Culture Intelligence on RIBA Radio
What is Cultural Intelligence?
CQ™ – Q stands for quotient, because it’s a measure as well as a skill – is another way of saying Cultural Intelligence.
Cultural Intelligence is the capability to work and relate effectively with those who are different from you. It’s the behavioural framework that allows you to consciously create procedural changes, to mitigate the influence of hidden bias.
Research proved that in order to be successful at working with those who are different from us we need to have four capabilities: CQ Drive, CQ Knowledge, CQ Strategy and CQ Action.
RIBA Radio is focusing on promoting diversity and inclusion within the architecture profession, underpinned by the key themes of CQ.
CQ Drive (Motivational CQ): the level of a person’s interest, persistence, and confidence to function with those who are different from them.
CQ Knowledge (Cognitive CQ): the level of a person’s understanding about how cultures, values, approaches to life are similar and how they are different.
CQ Strategy (Meta-cognitive CQ): the degree to which a person plans for, remains aware during, and checks assumptions after interactions with others.
CQ Action (Behavioural CQ): the extent of a person’s flexibility and appropriate use of a broad repertoire of behaviours and skills when with those who are different to them.

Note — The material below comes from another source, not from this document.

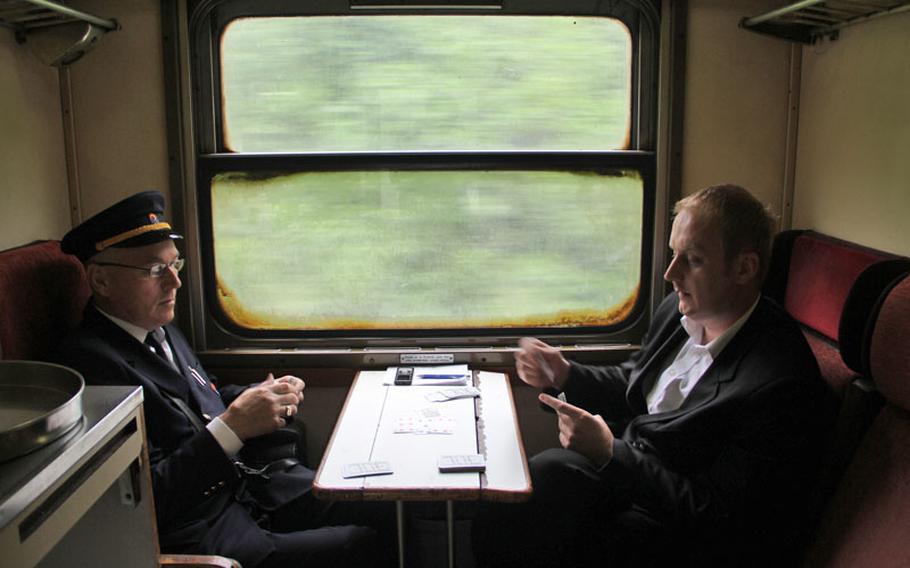 Train conductors play cards during the scenic three-hour train ride from Sarajevo to Mostar.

First, we build a solid foundation where CQ is the stepping stone to an intersectional approach to leading inclusion and effectively managing diversity. CQ serves as a mental model, for individuals and teams – starting with the most senior leadership – to ultimately inform all actions in an organisation.
Concurrently, to create equitable outcomes, the inclusive approach needs to be embedded as a change strategy into the organisation. McKinsey identifies four cornerstones as the basis of change: fostering understanding and conviction, reinforcing changes through formal mechanisms, developing talent and skills, and role modelling. McKinsey research suggests that you’re eight times more likely to implement change successfully with all four cornerstones in use, than if you try just one.

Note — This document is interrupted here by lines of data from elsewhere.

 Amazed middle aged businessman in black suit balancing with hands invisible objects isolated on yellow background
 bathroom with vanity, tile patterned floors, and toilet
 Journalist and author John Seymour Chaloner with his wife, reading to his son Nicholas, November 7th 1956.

To bring about sustained and sustainable inclusive change, you need to implement this new way of thinking and working across all four areas of the business:
- How you attract people
- How you treat and progress your staff
- How you create the services and products of your business
- How you attract and treat your users/customers/audience/members
- CQ is the Strategic Link to DEI - webinar featuring Marsha Ramroop, RIBA's Director of Inclusion and host of RIBA Radio
- Inclusive Culture Pyramid White Paper (PDF) - implementing CQ as an EDI/DEI solution in organisations
CQ on RIBA Radio
Thursday 18 November 2021
Dr David Livermore – President of the CQ Center gives us an overview of the concept and its applicability to architecture and the built environment. We’ll also discuss its limitations and criticisms.
Dr Pragya Agarwal – Author of SWAY, (M)otherhood, Wish We Knew What To Say: Talking with children about race, and academics, understanding the nature of bias and how we can challenge it. Dr Pragya Agarwal is a behavioural and data scientist, author, speaker and consultant. As a Senior Academic in US and UK universities, she has held the prestigious Leverhulme Fellowship, following a PhD from the University of Nottingham. Her publications are on reading lists of leading academic courses across the world.

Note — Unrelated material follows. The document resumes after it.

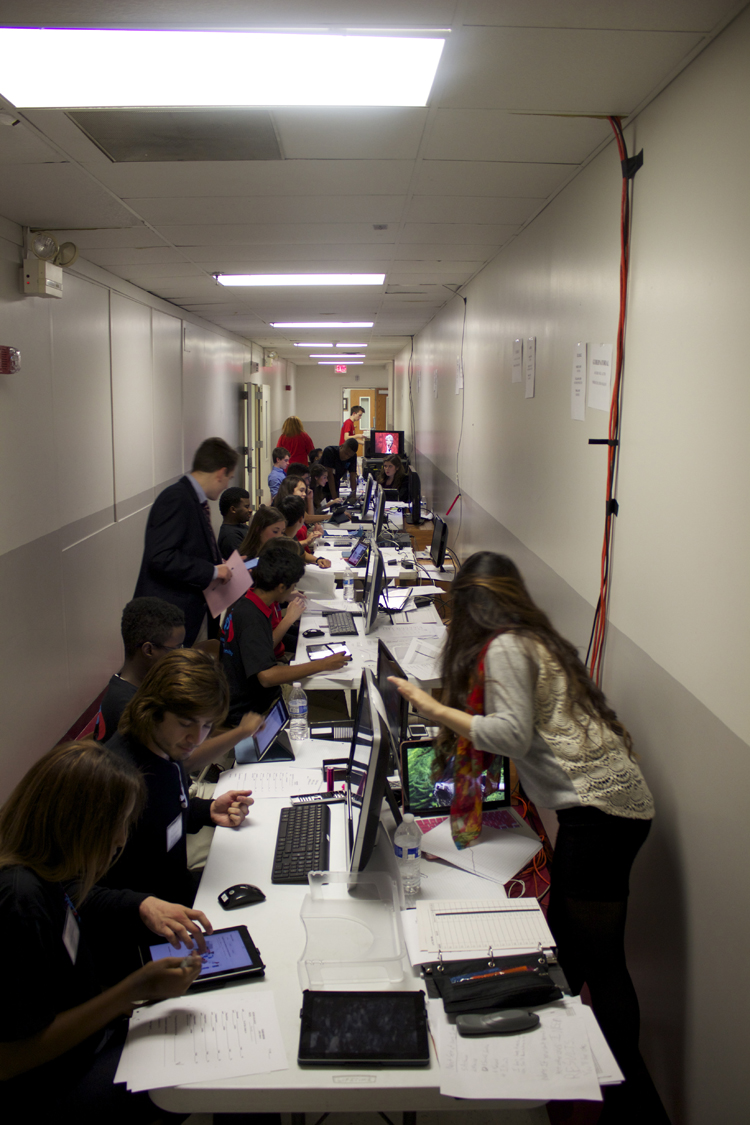 A look down the data entry and research line. Of the numerous aspects of the show that impressed guests Tuesday night, the action in this hallway may have topped the list.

Inclusion Charter transparency – The charter was launched last November asking people to commit to transparent inclusive cultures. What has this meant in practice? A panel discusses the context, actions, measures and outcomes they’ve experienced.
What’s happened so far – Where is architecture on the road to inclusion? We speak to three people who have been campaigning for change.
Friday 19 November 2021
Getting it wrong – Why do we feel fear when working with those different from us. How do we end up being “cancelled”? What are examples of this and how can we face up to our mistakes?
Discomfort – Defensiveness is a usual reaction when dealing with aspects of discrimination, especially racism, sexism and ableism. How do we lean into our discomfort, especially around white “shame,” to move through and learn and grow.
Data – Being motivated to act around EDI can be driven by seeing figures of disproportionality in black and white.
Motivation – CQ Drive is also about feeling like you want to do something because we get enjoyment out of it – who better to ask than those who relish the challenge of taking on difficult tasks, like sportspeople and inspirational leaders – we ask them how to become motivated when it all seems so hard.
Monday 22 November 2021
CQ Knowledge (part one)
Women – Gender pay gap – Knowing and understanding the issues behind the gender pay gap and the assumptions about women which lead to it we’ll uncover here.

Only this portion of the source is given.